20. Device according to claim 11 , wherein the comparison of the first and second versions of the speech signal is performed on respective differences between the energies of said first and second versions in said frequency band and a lower bound of the energy of the denoised version of the speech signal in said frequency band.

21. A computer program product, loadable into a memory associated with a processor, and comprising portions of code for execution by the processor to detect voice activity in an input digital speech signal in at least one frequency band, whereby the voice activity is detected on the basis of an analysis comprising the step of comparing two different versions of the speech signal, wherein the two different versions of the speech signal are two versions denoised by non-linear spectral subtraction, wherein a first of the two versions is denoised in such a way as not to be less, in the spectral domain, than a first fraction of a long-term estimate representative of a noise component included in the speech signal, and the second of the two versions is denoised in such a way as not to be less, in the spectral domain, than a second fraction of said long-term estimate, smaller than said first fraction.

22. A computer program product according to claim 21 , wherein said comparison is performed on respective energies, evaluated in said frequency band, of the two different versions of the speech signal, or to a monotonic function of said energies.

23. A computer program product according to claim 21 , wherein said analysis further comprises a time smoothing of the energy of one of said versions of the speech signal, and a comparison between the energy of said version and the smoothed energy.

24. A computer program product according to claim 23 , wherein the comparison between the energy of said version and the smoothed energy controls transitions of a voice activity detection automaton from a speech state to a silence state, and wherein the comparison of the two different versions of the speech signal controls transitions of the detection automaton from the silence state to the speech state.

25. A computer program product according to claim 21 , wherein said analysis further comprises a time smoothing of the energy of each of the two versions of the speech signal, by means of a smoothing window determined by comparing the energy of the second of the two versions with the smoothed energy of the second of the two versions.

26. A computer program product according to claim 25 , wherein the smoothing window is an exponential window defined by a forgetting factor.

27. A computer program product according to claim 26 , wherein said analysis further comprises the step of allocating a substantially zero value to the forgetting factor when the energy of the second of the two versions is less than a value of the order of the smoothed energy of the second of the two versions.
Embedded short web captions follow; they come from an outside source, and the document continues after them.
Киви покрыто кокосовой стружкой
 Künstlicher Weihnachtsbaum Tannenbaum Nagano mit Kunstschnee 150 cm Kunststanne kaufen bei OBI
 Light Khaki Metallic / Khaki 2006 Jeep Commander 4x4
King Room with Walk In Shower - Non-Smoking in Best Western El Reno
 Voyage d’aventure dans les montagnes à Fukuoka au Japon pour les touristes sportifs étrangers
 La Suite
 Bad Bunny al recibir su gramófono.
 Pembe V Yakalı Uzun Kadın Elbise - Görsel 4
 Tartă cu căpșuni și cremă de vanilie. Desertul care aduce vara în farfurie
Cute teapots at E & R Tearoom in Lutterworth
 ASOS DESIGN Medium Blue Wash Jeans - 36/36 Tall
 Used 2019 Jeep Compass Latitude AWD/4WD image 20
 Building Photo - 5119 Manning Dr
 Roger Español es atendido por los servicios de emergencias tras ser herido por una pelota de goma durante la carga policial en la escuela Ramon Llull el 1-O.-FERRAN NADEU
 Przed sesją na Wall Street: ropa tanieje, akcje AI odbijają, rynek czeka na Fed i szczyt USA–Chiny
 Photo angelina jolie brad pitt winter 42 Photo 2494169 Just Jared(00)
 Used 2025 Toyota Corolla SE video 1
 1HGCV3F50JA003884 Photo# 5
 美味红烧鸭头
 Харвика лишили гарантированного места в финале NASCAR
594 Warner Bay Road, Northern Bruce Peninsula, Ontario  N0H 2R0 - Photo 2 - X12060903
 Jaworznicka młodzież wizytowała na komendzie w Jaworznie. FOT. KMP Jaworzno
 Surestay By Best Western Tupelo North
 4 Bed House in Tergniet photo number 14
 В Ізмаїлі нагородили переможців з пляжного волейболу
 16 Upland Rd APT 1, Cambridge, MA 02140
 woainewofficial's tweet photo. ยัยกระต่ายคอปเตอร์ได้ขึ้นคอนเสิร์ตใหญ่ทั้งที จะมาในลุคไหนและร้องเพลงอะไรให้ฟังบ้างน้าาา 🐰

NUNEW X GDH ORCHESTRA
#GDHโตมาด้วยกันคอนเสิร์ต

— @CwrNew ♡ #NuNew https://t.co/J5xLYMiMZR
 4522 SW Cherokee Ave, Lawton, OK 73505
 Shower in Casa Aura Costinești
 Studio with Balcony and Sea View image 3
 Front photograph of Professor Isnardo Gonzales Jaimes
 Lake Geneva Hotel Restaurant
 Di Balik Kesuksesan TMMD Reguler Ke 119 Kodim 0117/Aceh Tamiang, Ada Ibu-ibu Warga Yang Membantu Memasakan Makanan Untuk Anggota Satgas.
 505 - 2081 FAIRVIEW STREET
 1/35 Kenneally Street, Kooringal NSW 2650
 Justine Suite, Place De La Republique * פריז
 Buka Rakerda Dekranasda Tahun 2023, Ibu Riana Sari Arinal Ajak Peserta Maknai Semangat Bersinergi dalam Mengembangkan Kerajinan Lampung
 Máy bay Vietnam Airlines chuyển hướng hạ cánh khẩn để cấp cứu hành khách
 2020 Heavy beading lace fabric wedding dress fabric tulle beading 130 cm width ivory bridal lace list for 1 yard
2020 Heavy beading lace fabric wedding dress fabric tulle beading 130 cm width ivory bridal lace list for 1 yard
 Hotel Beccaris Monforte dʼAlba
28. A computer program product according to claim 27 , wherein said analysis further comprises the steps of allocating a first value substantially equal to 1 to the forgetting factor when the energy of the second of the two versions is greater than said value of the order of the smoothed energy multiplied by a coefficient bigger than 1, and allocating a second value lying between 0 and said first value to the forgetting factor when the energy of the second of the two versions is greater than said value of the order of the smoothed energy and less than said value of the order of the smoothed energy multiplied by said coefficient.

29. A computer program product according to claim 21 , wherein the first and second fractions correspond substantially to attenuations of 10 dB and 60 dB, respectively.

30. A computer program product according to claim 21 , wherein the comparison of the two different versions of the speech signal is performed on respective differences between the energies of said two versions in said frequency band and a lower bound of the energy of the denoised version of the speech signal in said frequency band.